▸ **What you will do**:
Write the records out once more, exactly as they are given.

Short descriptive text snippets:
^^^^
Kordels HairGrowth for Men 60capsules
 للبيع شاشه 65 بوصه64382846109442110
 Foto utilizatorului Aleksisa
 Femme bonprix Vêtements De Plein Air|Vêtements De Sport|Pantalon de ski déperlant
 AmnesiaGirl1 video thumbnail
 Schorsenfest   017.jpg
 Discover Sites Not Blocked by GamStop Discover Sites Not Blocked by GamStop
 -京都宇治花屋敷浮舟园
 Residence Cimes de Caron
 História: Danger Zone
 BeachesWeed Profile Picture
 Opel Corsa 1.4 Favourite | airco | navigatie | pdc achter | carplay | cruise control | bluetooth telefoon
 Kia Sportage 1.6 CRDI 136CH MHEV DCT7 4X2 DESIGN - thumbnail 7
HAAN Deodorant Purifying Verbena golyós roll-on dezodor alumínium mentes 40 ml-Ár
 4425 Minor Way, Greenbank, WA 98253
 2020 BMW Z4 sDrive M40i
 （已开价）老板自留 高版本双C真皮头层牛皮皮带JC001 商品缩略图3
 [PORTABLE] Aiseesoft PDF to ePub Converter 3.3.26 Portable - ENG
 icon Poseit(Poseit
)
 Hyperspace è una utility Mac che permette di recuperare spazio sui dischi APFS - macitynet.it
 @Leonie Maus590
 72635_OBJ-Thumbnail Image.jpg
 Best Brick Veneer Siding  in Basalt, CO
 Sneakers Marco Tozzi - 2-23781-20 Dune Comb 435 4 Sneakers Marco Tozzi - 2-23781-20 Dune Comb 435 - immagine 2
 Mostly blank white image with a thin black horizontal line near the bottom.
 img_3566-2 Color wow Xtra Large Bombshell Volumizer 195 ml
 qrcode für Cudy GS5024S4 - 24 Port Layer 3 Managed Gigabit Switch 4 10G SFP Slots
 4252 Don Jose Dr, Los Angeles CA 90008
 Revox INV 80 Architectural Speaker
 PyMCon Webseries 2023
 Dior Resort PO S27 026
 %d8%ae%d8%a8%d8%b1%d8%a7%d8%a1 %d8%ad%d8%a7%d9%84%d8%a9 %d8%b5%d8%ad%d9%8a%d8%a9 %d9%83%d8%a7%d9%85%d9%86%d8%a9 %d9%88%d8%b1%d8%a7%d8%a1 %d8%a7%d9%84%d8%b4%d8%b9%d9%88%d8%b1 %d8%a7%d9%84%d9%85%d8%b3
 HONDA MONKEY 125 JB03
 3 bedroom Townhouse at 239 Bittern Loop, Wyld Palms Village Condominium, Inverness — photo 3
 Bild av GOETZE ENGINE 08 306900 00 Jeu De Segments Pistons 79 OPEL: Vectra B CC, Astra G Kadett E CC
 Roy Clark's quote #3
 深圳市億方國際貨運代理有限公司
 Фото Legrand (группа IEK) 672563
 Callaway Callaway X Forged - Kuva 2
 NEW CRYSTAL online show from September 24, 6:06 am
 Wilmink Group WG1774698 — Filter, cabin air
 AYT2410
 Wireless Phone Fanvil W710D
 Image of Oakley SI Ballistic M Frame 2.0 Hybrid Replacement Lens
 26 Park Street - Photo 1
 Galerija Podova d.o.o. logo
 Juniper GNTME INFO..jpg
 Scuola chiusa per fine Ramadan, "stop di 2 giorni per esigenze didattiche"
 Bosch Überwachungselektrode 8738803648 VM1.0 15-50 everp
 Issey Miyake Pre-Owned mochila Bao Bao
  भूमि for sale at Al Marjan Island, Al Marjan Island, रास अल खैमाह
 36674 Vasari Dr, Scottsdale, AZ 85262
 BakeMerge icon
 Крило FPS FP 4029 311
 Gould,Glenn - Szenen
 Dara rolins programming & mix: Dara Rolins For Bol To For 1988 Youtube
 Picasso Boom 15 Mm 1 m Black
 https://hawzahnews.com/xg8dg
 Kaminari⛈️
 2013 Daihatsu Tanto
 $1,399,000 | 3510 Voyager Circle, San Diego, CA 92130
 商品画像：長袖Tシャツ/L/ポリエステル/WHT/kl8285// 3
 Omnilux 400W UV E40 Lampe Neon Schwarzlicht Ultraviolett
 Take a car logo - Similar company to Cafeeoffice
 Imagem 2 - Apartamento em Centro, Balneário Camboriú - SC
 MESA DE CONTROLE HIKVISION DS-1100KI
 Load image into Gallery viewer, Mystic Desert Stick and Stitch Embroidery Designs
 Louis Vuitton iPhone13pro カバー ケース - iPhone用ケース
^^^^
▸ **Solution to this problem**:
Kordels HairGrowth for Men 60capsules
 للبيع شاشه 65 بوصه64382846109442110
 Foto utilizatorului Aleksisa
 Femme bonprix Vêtements De Plein Air|Vêtements De Sport|Pantalon de ski déperlant
 AmnesiaGirl1 video thumbnail
 Schorsenfest   017.jpg
 Discover Sites Not Blocked by GamStop Discover Sites Not Blocked by GamStop
 -京都宇治花屋敷浮舟园
 Residence Cimes de Caron
 História: Danger Zone
 BeachesWeed Profile Picture
 Opel Corsa 1.4 Favourite | airco | navigatie | pdc achter | carplay | cruise control | bluetooth telefoon
 Kia Sportage 1.6 CRDI 136CH MHEV DCT7 4X2 DESIGN - thumbnail 7
HAAN Deodorant Purifying Verbena golyós roll-on dezodor alumínium mentes 40 ml-Ár
 4425 Minor Way, Greenbank, WA 98253
 2020 BMW Z4 sDrive M40i
 （已开价）老板自留 高版本双C真皮头层牛皮皮带JC001 商品缩略图3
 [PORTABLE] Aiseesoft PDF to ePub Converter 3.3.26 Portable - ENG
 icon Poseit(Poseit
)
 Hyperspace è una utility Mac che permette di recuperare spazio sui dischi APFS - macitynet.it
 @Leonie Maus590
 72635_OBJ-Thumbnail Image.jpg
 Best Brick Veneer Siding  in Basalt, CO
 Sneakers Marco Tozzi - 2-23781-20 Dune Comb 435 4 Sneakers Marco Tozzi - 2-23781-20 Dune Comb 435 - immagine 2
 Mostly blank white image with a thin black horizontal line near the bottom.
 img_3566-2 Color wow Xtra Large Bombshell Volumizer 195 ml
 qrcode für Cudy GS5024S4 - 24 Port Layer 3 Managed Gigabit Switch 4 10G SFP Slots
 4252 Don Jose Dr, Los Angeles CA 90008
 Revox INV 80 Architectural Speaker
 PyMCon Webseries 2023
 Dior Resort PO S27 026
 %d8%ae%d8%a8%d8%b1%d8%a7%d8%a1 %d8%ad%d8%a7%d9%84%d8%a9 %d8%b5%d8%ad%d9%8a%d8%a9 %d9%83%d8%a7%d9%85%d9%86%d8%a9 %d9%88%d8%b1%d8%a7%d8%a1 %d8%a7%d9%84%d8%b4%d8%b9%d9%88%d8%b1 %d8%a7%d9%84%d9%85%d8%b3
 HONDA MONKEY 125 JB03
 3 bedroom Townhouse at 239 Bittern Loop, Wyld Palms Village Condominium, Inverness — photo 3
 Bild av GOETZE ENGINE 08 306900 00 Jeu De Segments Pistons 79 OPEL: Vectra B CC, Astra G Kadett E CC
 Roy Clark's quote #3
 深圳市億方國際貨運代理有限公司
 Фото Legrand (группа IEK) 672563
 Callaway Callaway X Forged - Kuva 2
 NEW CRYSTAL online show from September 24, 6:06 am
 Wilmink Group WG1774698 — Filter, cabin air
 AYT2410
 Wireless Phone Fanvil W710D
 Image of Oakley SI Ballistic M Frame 2.0 Hybrid Replacement Lens
 26 Park Street - Photo 1
 Galerija Podova d.o.o. logo
 Juniper GNTME INFO..jpg
 Scuola chiusa per fine Ramadan, "stop di 2 giorni per esigenze didattiche"
 Bosch Überwachungselektrode 8738803648 VM1.0 15-50 everp
 Issey Miyake Pre-Owned mochila Bao Bao
  भूमि for sale at Al Marjan Island, Al Marjan Island, रास अल खैमाह
 36674 Vasari Dr, Scottsdale, AZ 85262
 BakeMerge icon
 Крило FPS FP 4029 311
 Gould,Glenn - Szenen
 Dara rolins programming & mix: Dara Rolins For Bol To For 1988 Youtube
 Picasso Boom 15 Mm 1 m Black
 https://hawzahnews.com/xg8dg
 Kaminari⛈️
 2013 Daihatsu Tanto
 $1,399,000 | 3510 Voyager Circle, San Diego, CA 92130
 商品画像：長袖Tシャツ/L/ポリエステル/WHT/kl8285// 3
 Omnilux 400W UV E40 Lampe Neon Schwarzlicht Ultraviolett
 Take a car logo - Similar company to Cafeeoffice
 Imagem 2 - Apartamento em Centro, Balneário Camboriú - SC
 MESA DE CONTROLE HIKVISION DS-1100KI
 Load image into Gallery viewer, Mystic Desert Stick and Stitch Embroidery Designs
 Louis Vuitton iPhone13pro カバー ケース - iPhone用ケース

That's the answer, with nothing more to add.